[Extracted entries — start]

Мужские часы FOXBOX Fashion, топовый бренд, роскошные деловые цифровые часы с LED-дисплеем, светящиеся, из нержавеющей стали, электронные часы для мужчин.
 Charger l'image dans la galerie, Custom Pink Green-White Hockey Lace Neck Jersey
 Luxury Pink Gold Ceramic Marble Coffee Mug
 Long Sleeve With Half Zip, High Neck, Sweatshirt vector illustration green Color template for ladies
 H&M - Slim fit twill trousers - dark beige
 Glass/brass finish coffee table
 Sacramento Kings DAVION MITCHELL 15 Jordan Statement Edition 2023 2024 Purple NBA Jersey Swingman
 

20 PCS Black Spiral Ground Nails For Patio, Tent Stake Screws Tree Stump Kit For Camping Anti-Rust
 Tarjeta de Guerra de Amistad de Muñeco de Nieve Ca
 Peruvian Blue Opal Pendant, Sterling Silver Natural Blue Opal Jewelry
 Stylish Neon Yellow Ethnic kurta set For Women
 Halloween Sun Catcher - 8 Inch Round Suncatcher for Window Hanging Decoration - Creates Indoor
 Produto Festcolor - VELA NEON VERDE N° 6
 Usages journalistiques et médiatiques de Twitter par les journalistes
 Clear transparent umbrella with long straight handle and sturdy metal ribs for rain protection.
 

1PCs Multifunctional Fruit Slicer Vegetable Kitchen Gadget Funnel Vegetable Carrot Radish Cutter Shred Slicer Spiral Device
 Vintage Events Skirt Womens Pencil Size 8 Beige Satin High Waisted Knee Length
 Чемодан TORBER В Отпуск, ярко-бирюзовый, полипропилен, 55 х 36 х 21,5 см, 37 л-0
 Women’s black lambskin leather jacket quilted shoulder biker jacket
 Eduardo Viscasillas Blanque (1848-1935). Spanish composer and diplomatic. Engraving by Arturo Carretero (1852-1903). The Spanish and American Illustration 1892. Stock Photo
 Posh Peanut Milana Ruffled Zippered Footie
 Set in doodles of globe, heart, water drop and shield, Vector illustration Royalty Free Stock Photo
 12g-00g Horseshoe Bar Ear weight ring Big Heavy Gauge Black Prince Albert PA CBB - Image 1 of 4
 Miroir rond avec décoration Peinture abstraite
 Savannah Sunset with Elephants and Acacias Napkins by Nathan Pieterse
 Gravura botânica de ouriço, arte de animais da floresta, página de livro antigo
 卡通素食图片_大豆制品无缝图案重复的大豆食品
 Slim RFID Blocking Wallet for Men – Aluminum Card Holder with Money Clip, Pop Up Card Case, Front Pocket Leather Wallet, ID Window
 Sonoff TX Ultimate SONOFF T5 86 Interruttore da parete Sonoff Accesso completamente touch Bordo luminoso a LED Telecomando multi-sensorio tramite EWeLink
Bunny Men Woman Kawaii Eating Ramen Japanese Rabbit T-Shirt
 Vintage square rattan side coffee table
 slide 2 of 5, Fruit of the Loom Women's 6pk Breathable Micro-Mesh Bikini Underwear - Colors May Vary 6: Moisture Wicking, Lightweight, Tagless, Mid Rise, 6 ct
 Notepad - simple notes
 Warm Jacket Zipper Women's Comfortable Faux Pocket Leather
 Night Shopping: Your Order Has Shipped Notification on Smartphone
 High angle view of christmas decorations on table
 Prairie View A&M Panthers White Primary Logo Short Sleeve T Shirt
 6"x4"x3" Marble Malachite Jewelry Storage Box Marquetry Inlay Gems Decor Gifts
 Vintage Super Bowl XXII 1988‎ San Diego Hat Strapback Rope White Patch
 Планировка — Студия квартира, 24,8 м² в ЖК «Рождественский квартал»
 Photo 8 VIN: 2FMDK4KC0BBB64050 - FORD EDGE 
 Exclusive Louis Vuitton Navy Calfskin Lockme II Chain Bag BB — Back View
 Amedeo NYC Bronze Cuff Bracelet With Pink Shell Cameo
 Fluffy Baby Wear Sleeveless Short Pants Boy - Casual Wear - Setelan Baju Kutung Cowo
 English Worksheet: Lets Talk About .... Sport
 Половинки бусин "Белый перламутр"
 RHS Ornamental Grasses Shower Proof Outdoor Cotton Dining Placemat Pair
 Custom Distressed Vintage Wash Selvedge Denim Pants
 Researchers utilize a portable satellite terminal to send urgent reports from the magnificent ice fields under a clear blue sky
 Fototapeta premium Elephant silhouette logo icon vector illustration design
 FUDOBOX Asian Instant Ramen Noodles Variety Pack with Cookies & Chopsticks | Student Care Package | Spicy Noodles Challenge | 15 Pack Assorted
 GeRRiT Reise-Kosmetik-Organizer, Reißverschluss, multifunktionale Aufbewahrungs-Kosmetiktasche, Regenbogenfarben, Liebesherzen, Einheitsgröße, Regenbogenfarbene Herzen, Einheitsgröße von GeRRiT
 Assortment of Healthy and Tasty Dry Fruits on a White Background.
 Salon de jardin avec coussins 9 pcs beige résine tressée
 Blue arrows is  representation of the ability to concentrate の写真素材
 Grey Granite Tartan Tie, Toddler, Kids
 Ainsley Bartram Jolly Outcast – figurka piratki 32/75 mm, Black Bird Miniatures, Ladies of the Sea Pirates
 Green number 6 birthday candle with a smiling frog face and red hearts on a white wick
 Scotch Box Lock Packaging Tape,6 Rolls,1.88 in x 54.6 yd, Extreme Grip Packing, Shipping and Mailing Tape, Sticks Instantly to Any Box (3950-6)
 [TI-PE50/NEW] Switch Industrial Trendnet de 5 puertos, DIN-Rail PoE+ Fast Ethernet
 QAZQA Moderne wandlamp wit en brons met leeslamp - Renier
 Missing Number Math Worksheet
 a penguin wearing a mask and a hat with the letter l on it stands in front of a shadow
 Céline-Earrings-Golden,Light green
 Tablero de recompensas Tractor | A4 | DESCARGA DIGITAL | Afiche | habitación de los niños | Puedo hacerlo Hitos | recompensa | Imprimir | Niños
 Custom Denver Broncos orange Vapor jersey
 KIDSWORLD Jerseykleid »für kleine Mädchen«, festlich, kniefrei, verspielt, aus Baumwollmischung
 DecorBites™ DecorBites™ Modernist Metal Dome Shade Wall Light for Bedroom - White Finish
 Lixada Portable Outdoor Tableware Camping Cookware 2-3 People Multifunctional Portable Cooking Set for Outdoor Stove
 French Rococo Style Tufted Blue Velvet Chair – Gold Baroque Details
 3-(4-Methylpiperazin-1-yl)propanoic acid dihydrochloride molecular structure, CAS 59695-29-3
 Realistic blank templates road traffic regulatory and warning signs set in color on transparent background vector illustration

[Extracted entries — finish]

→ Work item: Among the entries above, the line containing "Custom Denver Broncos orange Vapor jersey", the line containing "Lixada Portable Outdoor", and all lines between them are to be restated word for word; nothing else belongs in the reply.

→ Exercise output:
 Custom Denver Broncos orange Vapor jersey
 KIDSWORLD Jerseykleid »für kleine Mädchen«, festlich, kniefrei, verspielt, aus Baumwollmischung
 DecorBites™ DecorBites™ Modernist Metal Dome Shade Wall Light for Bedroom - White Finish
 Lixada Portable Outdoor Tableware Camping Cookware 2-3 People Multifunctional Portable Cooking Set for Outdoor Stove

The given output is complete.